## [ABOUT THIS EXERCISE]
Copy task, pictures excluded: set down exactly the lines from the one containing "Photo from the movie Asier et moi" to the end of the data below.

Saved data entries
+===+

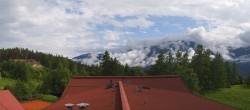 Archiv Foto Webcam Mösern (Seefeld), Tirol 15:00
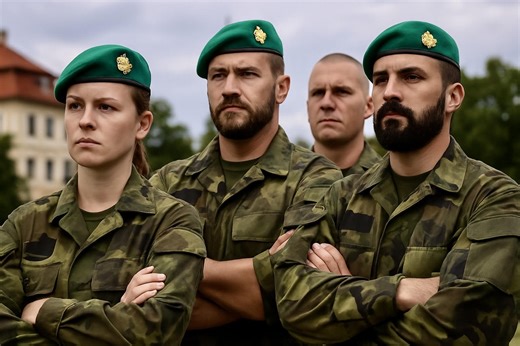 První zprávy - Zatímco Evropa mobilizuje, česká veřejnost váhá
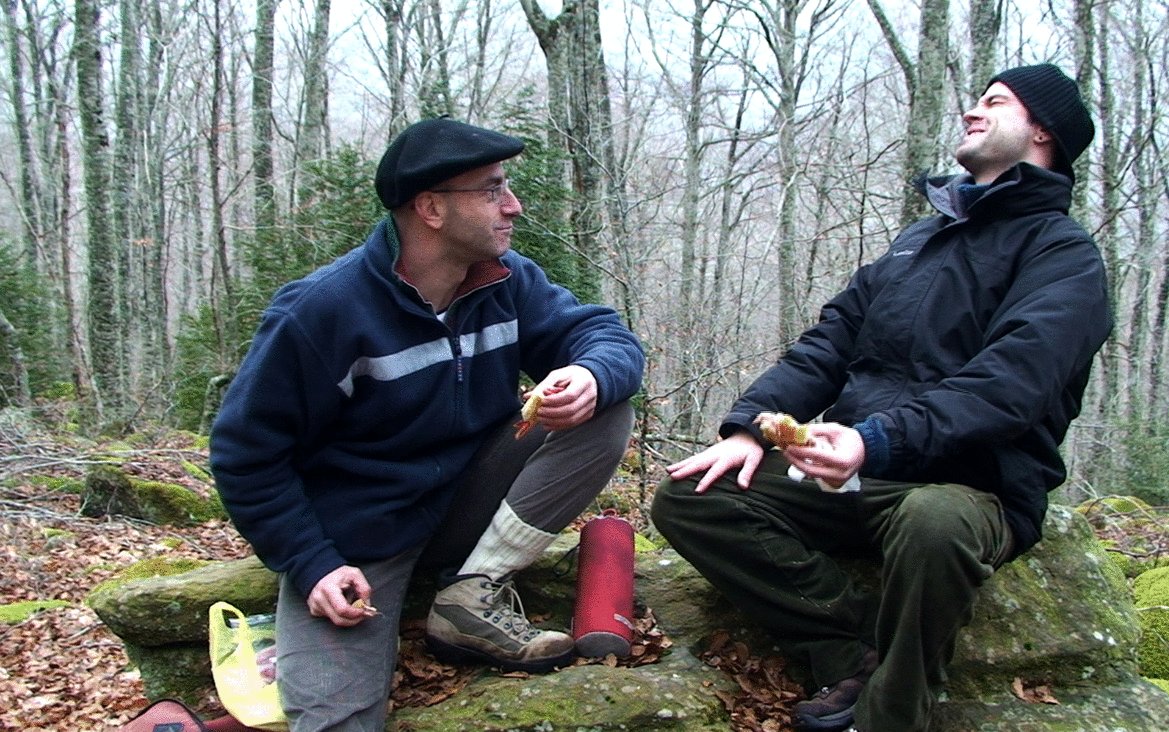 Photo from the movie Asier et moi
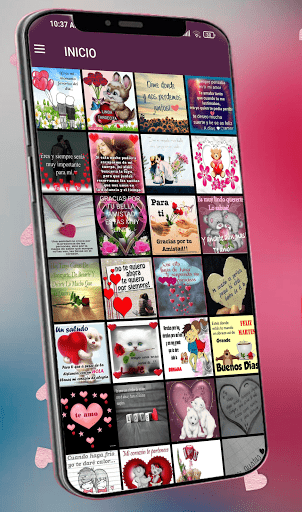 Android application Citas con mujeres solteras screenshort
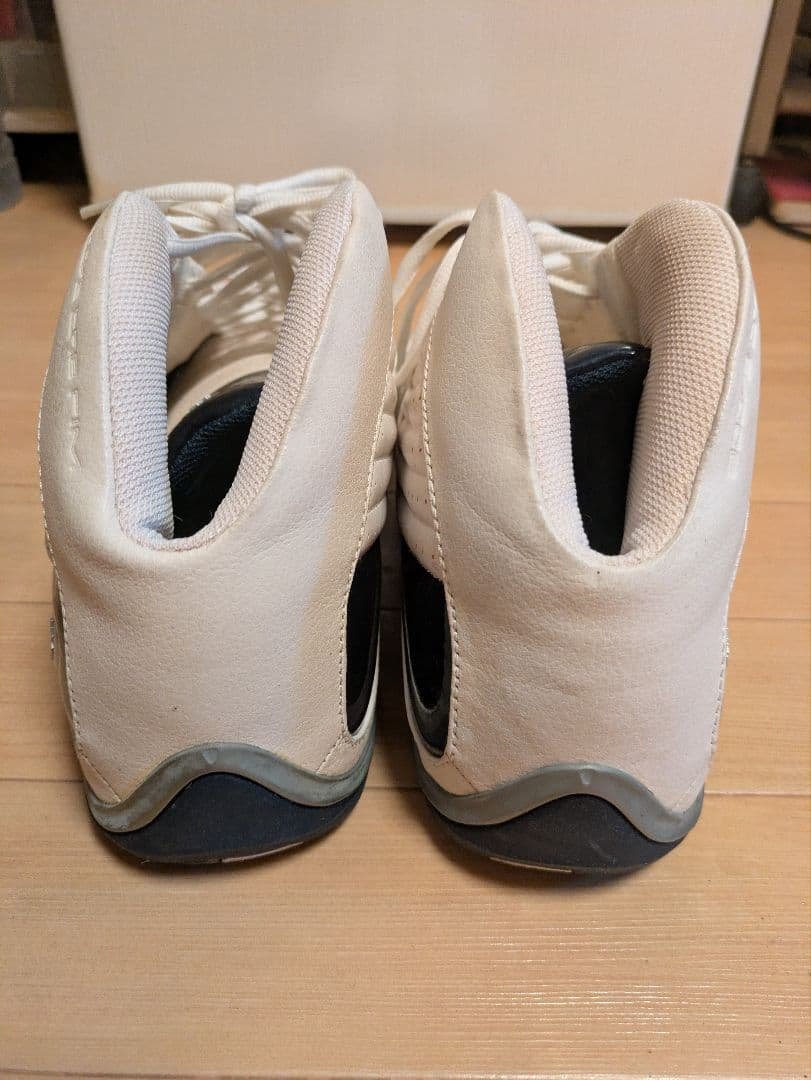 【29cm】リーボック バッシュ アイバーソン　Reebok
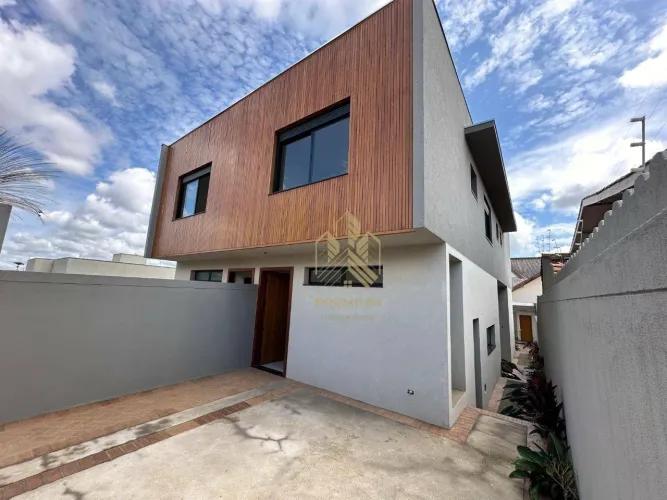 Sobrado Residencial à venda, Loteamento Loanda, Atibaia - SO0145.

+===+

## [EXERCISE RESULT]
 Photo from the movie Asier et moi
 Android application Citas con mujeres solteras screenshort
 【29cm】リーボック バッシュ アイバーソン　Reebok
 Sobrado Residencial à venda, Loteamento Loanda, Atibaia - SO0145.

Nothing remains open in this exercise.